Q&A: Induction
Induction
Question
I didn’t understand, briefly, Hume’s problem of induction. Fine, there’s no necessity that just because the sun rose today it will also shine tomorrow, but it’s very, very probable, close to 100%. And as you always say, probability too (and not only necessity) is excellent. So what’s the problem?
Answer
Your answer has two parts:
1. Someone looking for certainty is not satisfied with probability.
2. But there is also a challenge to the degree of probability here. Where does this “probable” come from? Isn’t it just your habit? Applying habits to reality is a recipe for mistakes. Who told you your habits are reliable?
Discussion on Answer
You can say anything about anything. Saying it solves nothing.
Induction is a form of thinking you have, not an observation about the world. That way of thinking is a product of how you are built. So it doesn’t matter that we call it logic. The question is: what connection is there between your logic and the way the world behaves? We’re also afraid at night for no reason, and afraid of heights for no reason too (even when there are safe railings). What is ingrained in us in no way testifies to the nature of the world. Hume raised his questions long before the discovery of evolution, although that doesn’t solve the problem either.
This is not a problem of induction but a problem of projection.
And the solution to the problem is simple; all you need to do is internalize the following sentence:
Just because you think and believe that something will happen doesn’t mean it will happen.

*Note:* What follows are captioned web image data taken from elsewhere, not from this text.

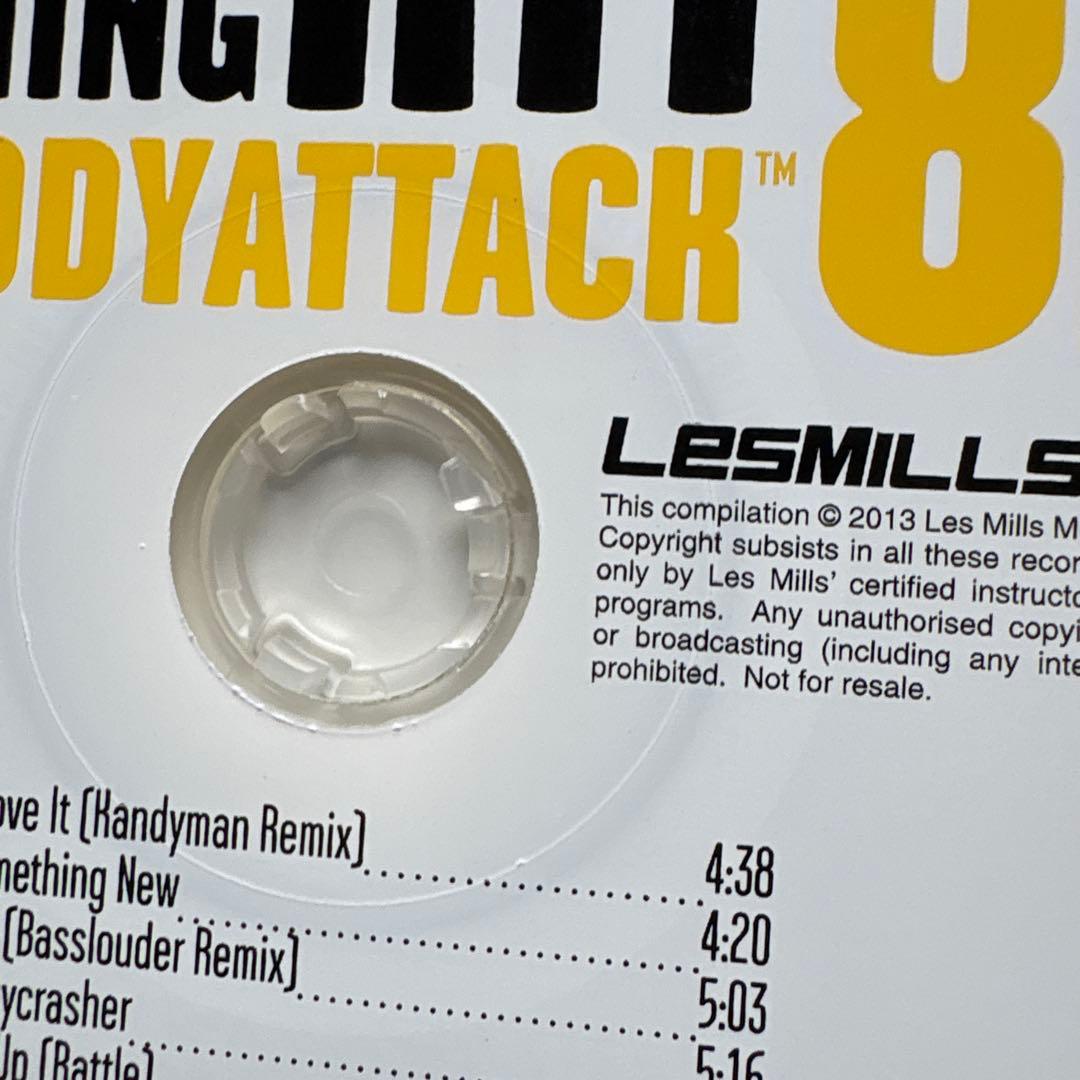 レズミルズ　ボディアタック　63.65.84、82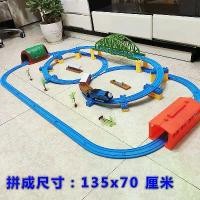 ราคา ของเล่นรางไฟฟ้า, Momas, อุปกรณ์เสริมรางขยาย, ผ้าม่าน, รางตรง, รางโค้ง, สะพานสองชั้น, เหมาะสำหรับเด็ก (1731192591710718196)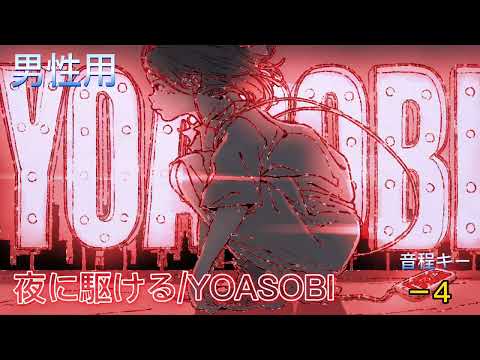 夜に駆ける/YOASOBI曲の音程キーを-4にしてみた！男性用、練習用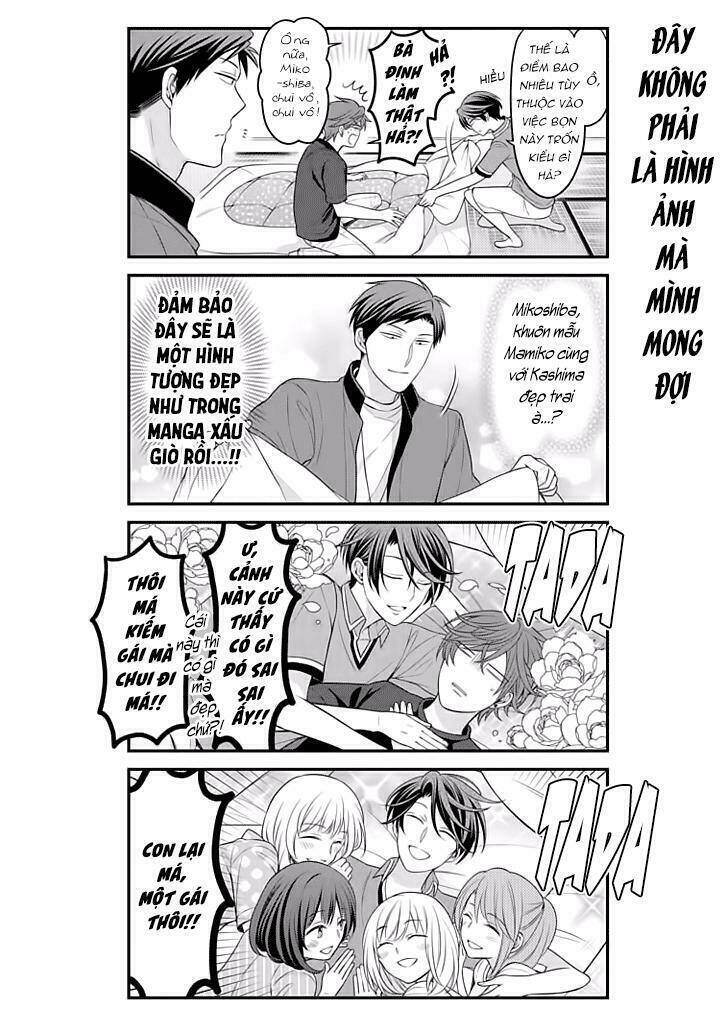 gekkan shoujo nozaki-kun chapter 94 9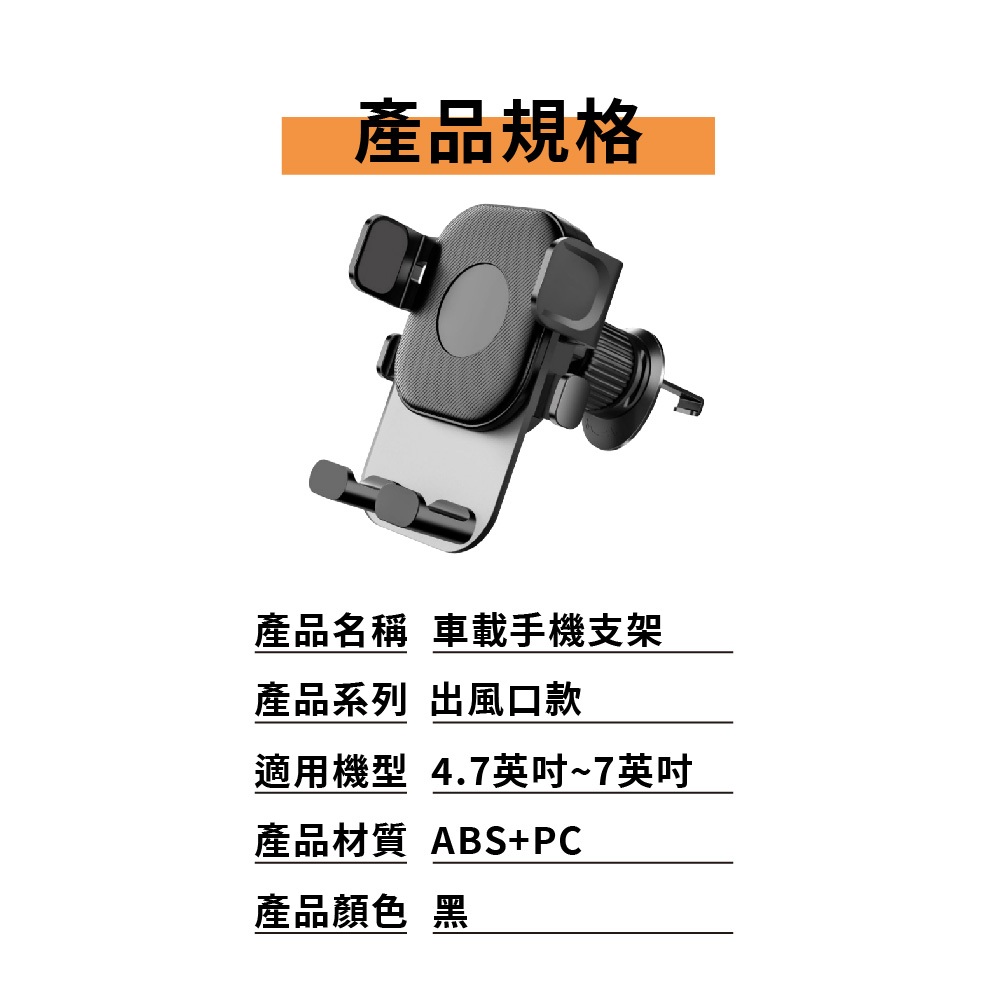 出風口手機架 車用手機架 不擋出風口 360度 導航手機架 汽車手機架 車用手機架 出風口手機夾 手機座 Z17, , large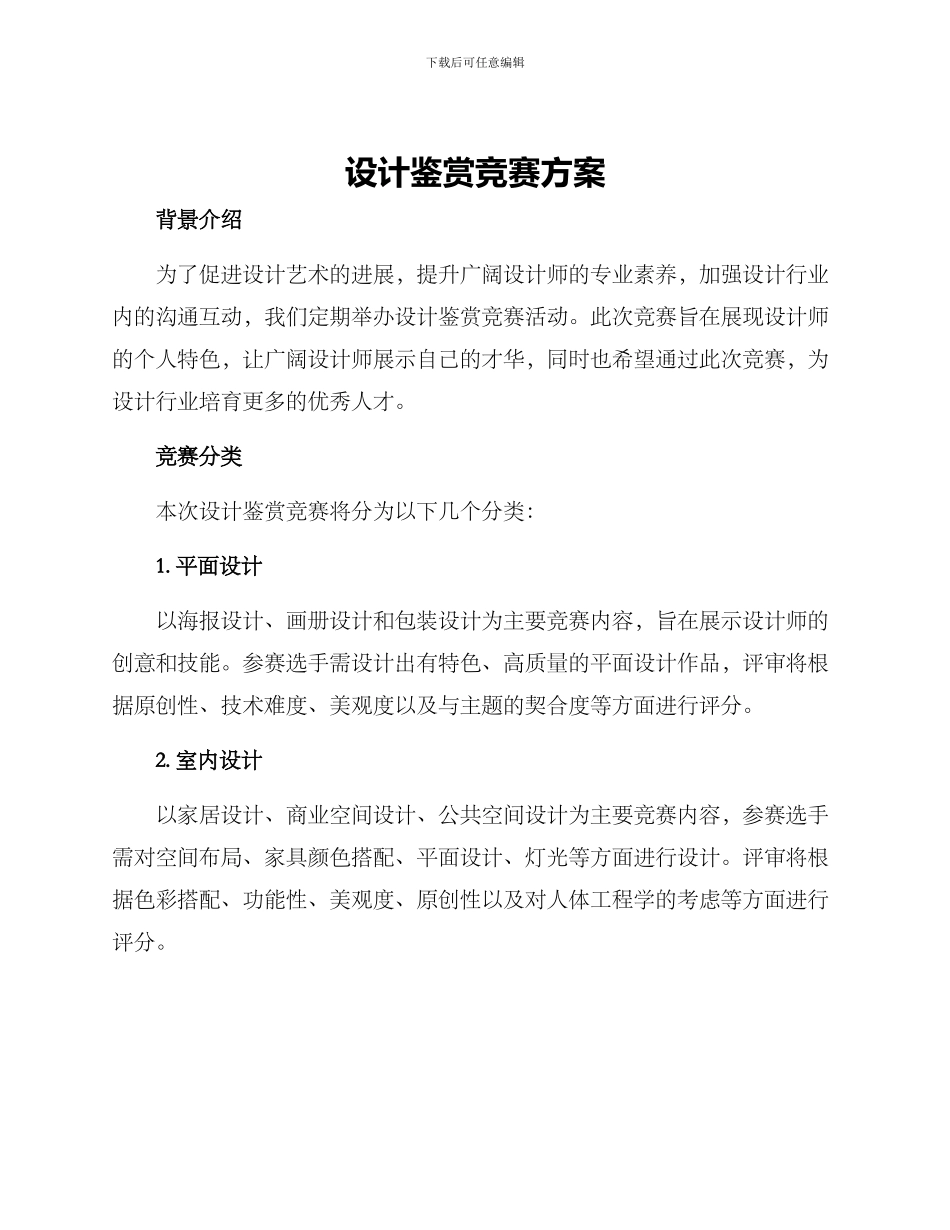 设计鉴赏比赛方案_第1页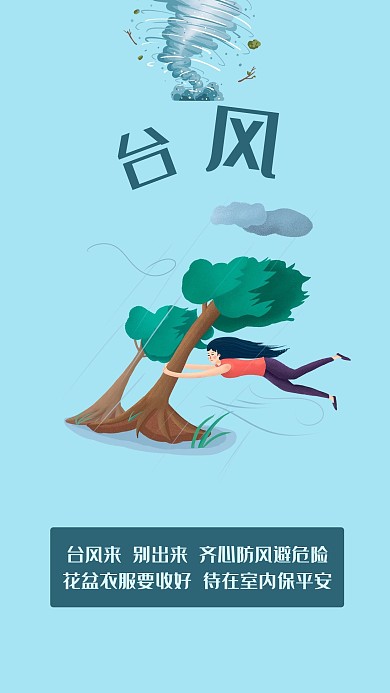台风知识树蓝色简约手机海报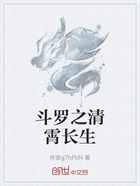 斗罗之清霄长生在线阅读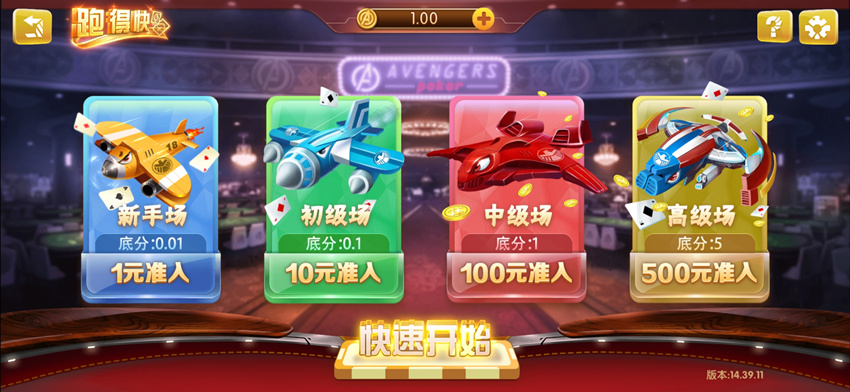 最新旺达棋牌游戏完美境外版本+完整数据+超帅插图3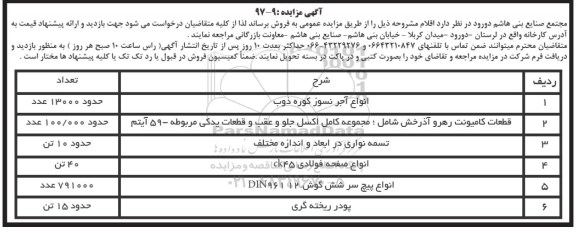 مزایده , مزایده  انواع آجر نسوز کوره ذوب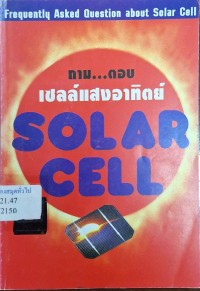 Image of ถาม-ตอบเซลล์แสงอาทิตย์ = Frequently asked questions about solar cell (พิมพ์ครั้งที่ 4) / โดย โครงการศูนย์เทคโนโลยีพลังงาน สำนักงานพัฒนาวิทยาศาสตร์และเทคโนโลยีแห่งชาติ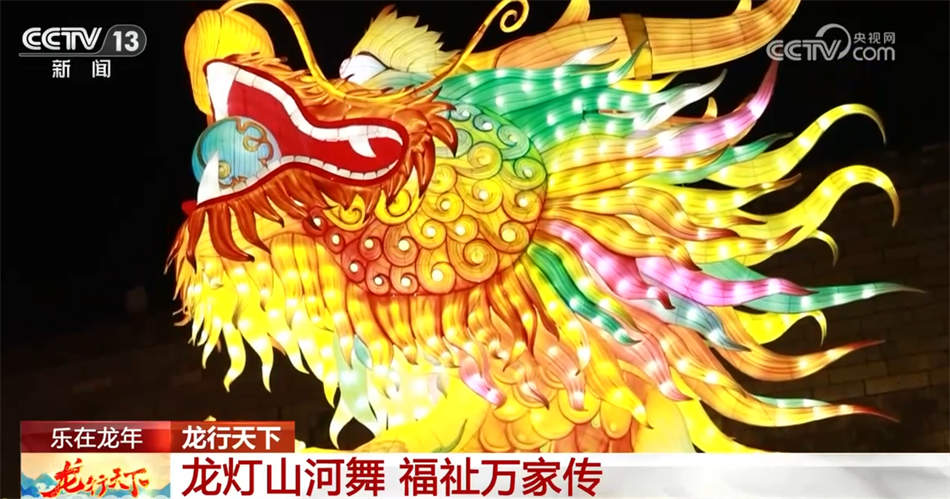 龙灯山河舞 福祉万家传 灯火里的中国正璀璨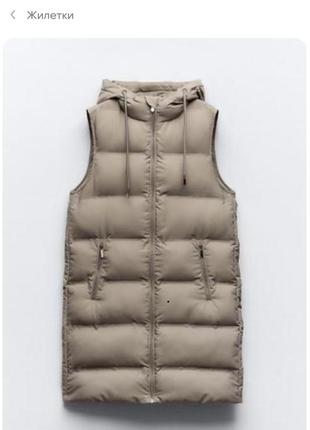 Жилетка zara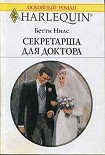 Читать книгу Секретарша для доктора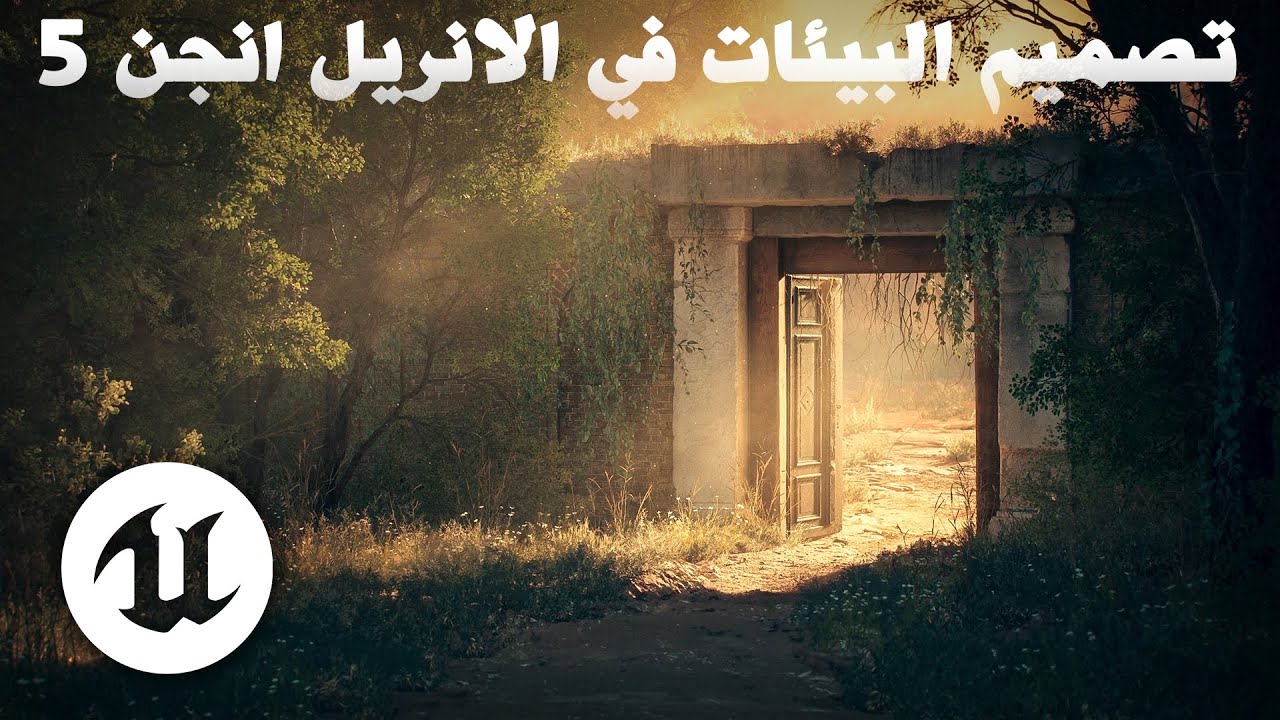 كيف أصمم مشاهد و بيئات بسرعة بالانريل انجن 5 | الطريقة الكاملة | Unreal Engine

After you internalize that, there won’t be any problem.
Rabbi, there’s something I didn’t understand. By definition, induction is not a valid argument but a strong one. And the problem of induction says, “Wait a second, I have a problem: you can’t rely on induction because it isn’t valid.” But right—that’s its definition. So what’s the problem?
And besides, just incidentally: is a presumption in Talmudic terminology (not in the sense of acquisition, but in the sense that what was true once remains true, such as “better to dwell as two”) basically exactly induction or not?
The problem is not that it isn’t valid, but that it lacks a basis (it isn’t logical). Beyond that, even if you define induction as something invalid, that doesn’t make it something one can rely on. You can give any illogical argument a name. So now we can accept it?
The Talmud is not exempt from the difficulties involved in general logical and philosophical arguments.
I asked: the fact that intuition operated and worked in the past (“empirical confirmation from the history of science”) is no guarantee that it will operate in the future!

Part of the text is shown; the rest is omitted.